次に二人が動き始めたとき、DJの身体からは半分の包帯がとれている。布巾を絞る老婆に向けられる血色も見違えるほどで、ただ魂が抜かれたような暗い眼差しだけが、俺のよく知っているDJのそれとは違う。
「おや、ライラックの香りがここまで届く」
「……」
「裏庭のライラックが綺麗な花を咲かせてねえ。匂わないかい?」
「……消毒液の臭いしかしねえよ」
「そうかい。なら、今から一緒に見に行くかい?」
「……気が進まねえな。花瓶に活けて飾ってくれ」
「馬鹿お言いでないよ。ライラックを家ん中、まして病人の部屋になんぞ持ちこめるもんかね」
「……なんでだ?」
「不吉を呼びこむんだよ。だから病人に死ねって言ってんのと同じさ」
「そりゃいい。ぜひ飾ってくれよ」
「そんな罰あたりなことできるもんかね。それにライラックの花は切っちゃならないんだよ。
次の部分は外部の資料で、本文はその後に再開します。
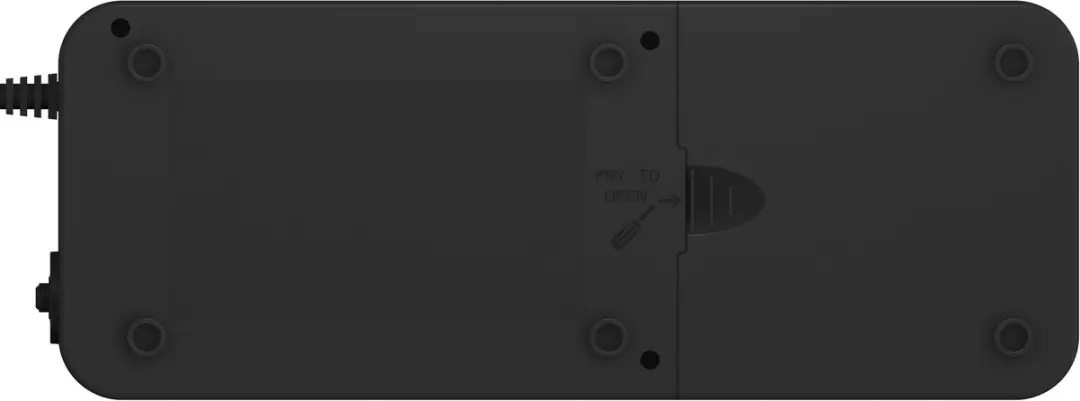PowerWalker VFD 600 Offline UPS - 6 stopcontacten - afbeelding 4 van 6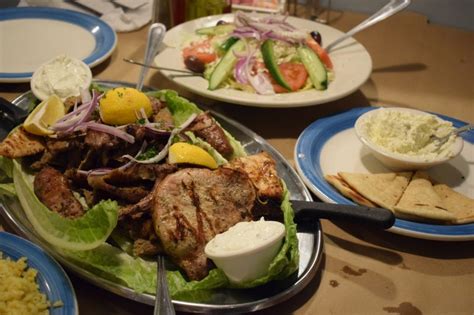 Opa Authenticity Shines At Athena Greek Taverna The Nc Triads Altweekly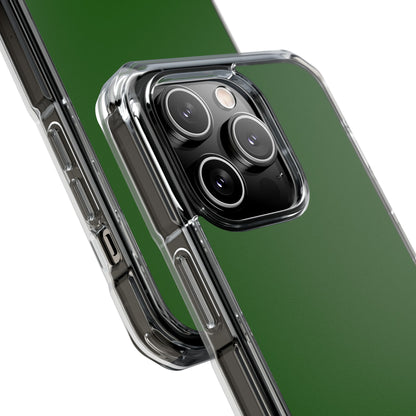 Lincoln Green - Clear Impact Case for iPhone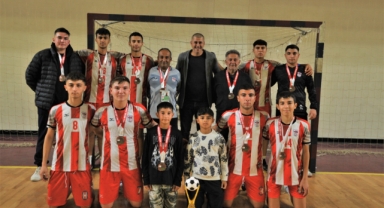 U18’de üçüncüler belirlendi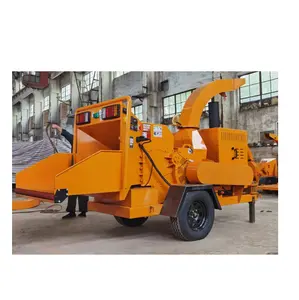 Gỗ Chipper Chi Nhánh Mài Động Cơ Diesel Hoặc Ổ Điện Dùng Cho Rừng Trang Trại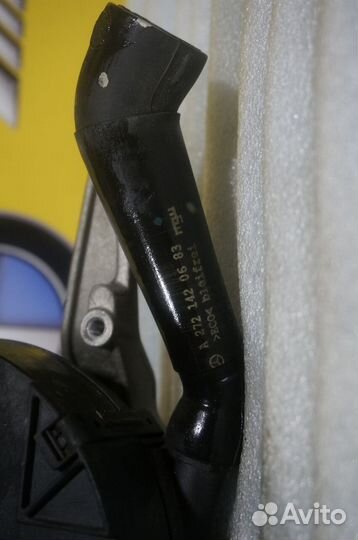 Насос продувки катализатора Mercedes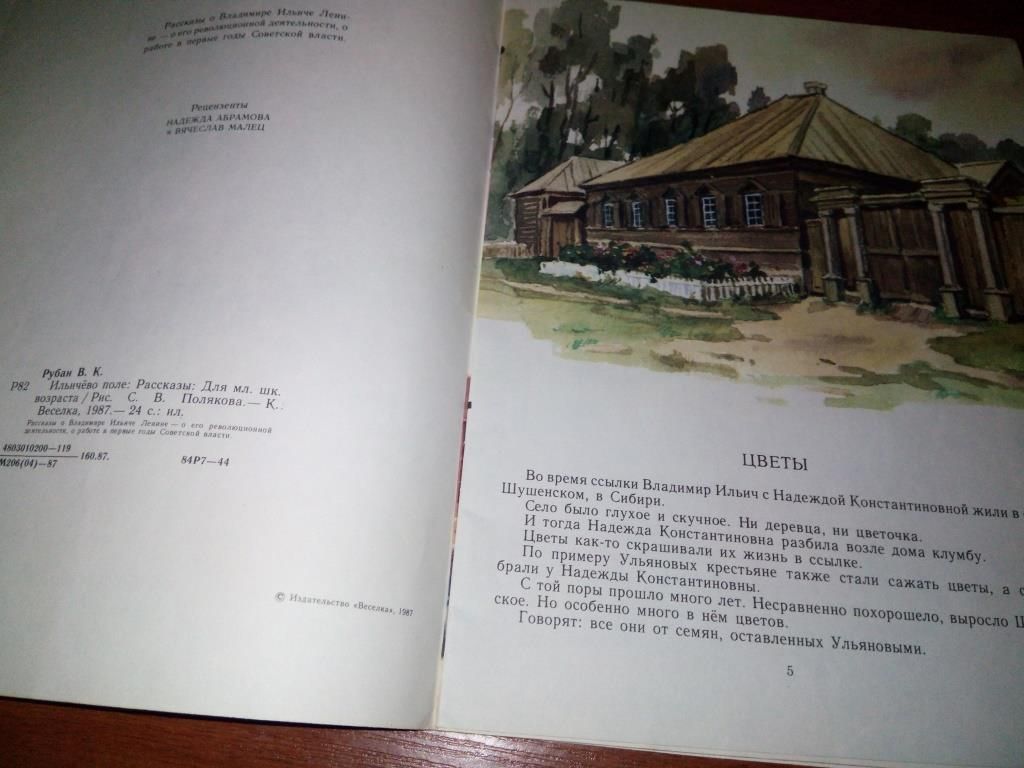 Владимир Рубан ИЛЬИЧЁВО ПОЛЕ  (Рисунки Сергея Полякова) - фото фото фото 2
一本でも切っちまうと、残った木は悲しんで次の年に花をつけてくれないって言ってね」
「……面倒臭え花だな」
「またあの連中と会ってたんだね」
「……」
「あんな胡散臭い連中と
「……世界をぶっ壊すための作戦会議ってとこさ」
「また戦争に行くのかい?」
「……」
「こんな酷い目に遭って、それでもまた戦争に行くってのかい?」
「……ああ」
「私にゃわからないね。戦争の何がそんなに楽しいってんだい?」
「……楽しくなんかねえよ」
「だったら、もうおやめ」
「……」
「戦争に行くのはもうおやめ。そんなもんはもう忘れちまえばいいのさ」
「……それができりゃ苦労しねえよ」
「ところであんた女はいるのかい?」
「あ?」
「女はいるか、って聞いてんだよ。国に残してきた」
「……いやしねえよ」
「だったらちょうどいい。私にはあんたとちょうど同じくらいの孫娘がいてね」
「……」
「ちょっと離れた町に稼ぎに出てるんだが、あんたさえその気なら引き合わせてやってもいい」
「なあ婆さん、あんたも知ってんだろ。オレはもう……」
「それがついてないくらい何だってんだい」
「……」
「それがついてなけりゃ女を口説いちゃならないなんて法はないよ」
「……」
「あの子はとにかく背が高い
「……婆さんの孫じゃ知れたもんだろ」
「美人だって評判は山の向こうまで響いてるよ。この町を出て行くときにゃ男どもの涙で川の水かさが増したってね。そいつを引き合わせてやろうってんだからありがたく思いな」
「そりゃ楽しみだ」
「だからもう戦争に行くのはおやめ」
「……」
「戦争に行くのはもうおやめ。人と人とが殺し合うなんてことは、神様が決してお許しにならないよ」
「……すまねえ婆さん。そればっかりは聞けねえ」
「私がこんだけ言ってもかい?」
「……ああ、すまねえ。本当にすまねえな婆さん」
虚ろな目を窓の外に向けてそう答えるDJと、哀れむようにそれを見つめる老婆。静止した二人を残して時だけが流れ、ほどなくしてまた時間軸が重なる。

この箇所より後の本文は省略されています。